9° L’article L. 642‑12 est ainsi modifié :

a) Le premier alinéa est complété par les mots : « ou du maire » ;

b) Au second alinéa, le mot : « peut » est remplacé par les mots : « ainsi que le maire peuvent ».

CHAPITRE 2

DE LA LUTTE CONTRE LA SOUS‑UTILISATION
DES BÂTIMENTS EN INTENSIFIANT LES USAGES

Article 3

I. – L’article L. 112‑13 du code de la construction et de l’habitation est ainsi modifié :

1° Au début du premier alinéa, est ajoutée la mention : « I. – » ;

2° Il est ajouté un II ainsi rédigé :

« II. – Les dérogations prévues au I peuvent être accordées, dans les mêmes conditions, pour les demandes de destinations additionnelles ou accessoires mentionnées au II de l’article L. 152‑16 du code de l’urbanisme. »
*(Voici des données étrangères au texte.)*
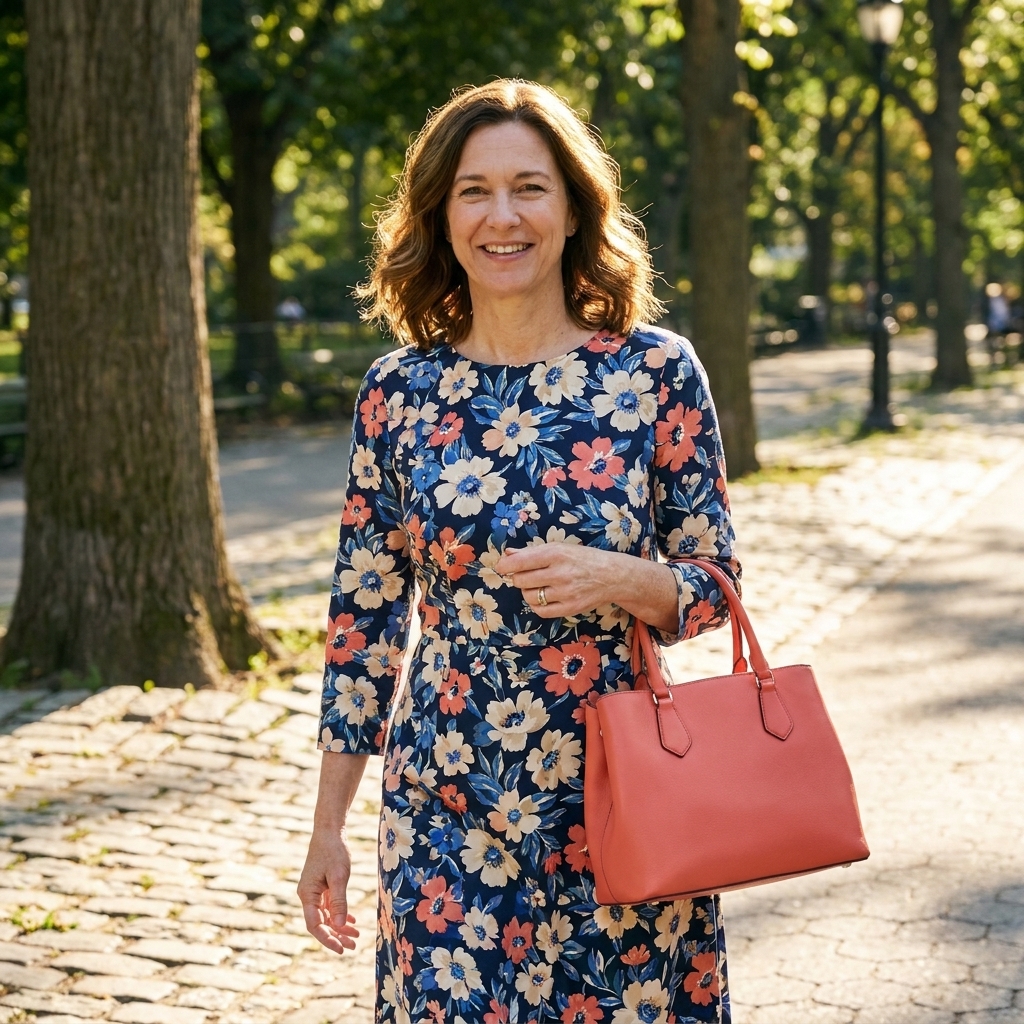A person wearing a floral dress and holding a solid-color handbag that matches one color from the print, photographed outdoors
II. – Le code de l’urbanisme est ainsi modifié : 

1° L’article L. 151‑16 est ainsi modifié :

a) Au début du premier alinéa, est ajoutée la mention : « I. – » ;

b) Il est ajouté un II ainsi rédigé :

« II. – Afin de favoriser une meilleure utilisation des espaces bâtis, le règlement peut autoriser des destinations additionnelles ou accessoires à la destination principale d’un bâtiment. » ;

2° Au premier alinéa de l’article L. 421‑5, après le mot : « installations », sont insérés les mots : « , changements de destination » ;

3° L’article L. 421‑8 est ainsi modifié :

a) Les mots : « constructions et des travaux » sont remplacés par les mots : « opérations » ;

b) Après le mot : « installations », sont insérés les mots : « , changements de destination ».

CHAPITRE 3

RECEVABILITÉ FINANCIÈRE

Article 4

La charge pour les collectivités territoriales est compensée à due concurrence par la majoration de la dotation globale de fonctionnement et, corrélativement pour l’État, par la création d’une taxe additionnelle à l’accise sur les tabacs prévue au chapitre IV du titre Ier du livre III du code des impositions sur les biens et services.